Natürlich keimt da und dort mal der Verdacht auf, dass manche Teilnehmer ihre Macken etwas arg exhibitionistisch zur Schau stellen. Oder dass andere, die so tun, als sei bei ihnen alles bestens bestellt im Leben, in Wirklichkeit auch ihr Päckchen zu tragen haben, das aber nicht jedem auf die Nase binden wollen. Ist auch ok, denn es gilt der Grundsatz, alles kann, nichts muss.

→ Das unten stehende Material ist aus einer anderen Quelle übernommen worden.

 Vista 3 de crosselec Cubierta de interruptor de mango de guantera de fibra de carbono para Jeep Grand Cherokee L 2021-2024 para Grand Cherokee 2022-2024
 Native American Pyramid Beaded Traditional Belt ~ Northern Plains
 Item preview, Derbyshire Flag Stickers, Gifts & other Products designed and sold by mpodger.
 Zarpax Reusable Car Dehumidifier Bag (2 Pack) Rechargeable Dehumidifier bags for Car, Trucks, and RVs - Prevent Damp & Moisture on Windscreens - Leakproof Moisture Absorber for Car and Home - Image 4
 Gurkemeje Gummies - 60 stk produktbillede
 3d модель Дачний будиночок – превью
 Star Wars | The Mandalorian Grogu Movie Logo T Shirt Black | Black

Der Fall Anne-Marie sprengt allerdings den üblichen Rahmen der erprobten Stuhlrunden und Gruppengespräche. Und so schlagen die Wellen hoch in der Selbsthilfegruppe Klein-Bloggersdorf. Herr Sebas, der die Marien-Legenden publikumswirksam Stück für Stück demontiert, bringt sich in Verdacht, dies nur aus gekränkter Eitelkeit, sexueller Frustration oder auch Klickzahlen-Geilheit zu tun.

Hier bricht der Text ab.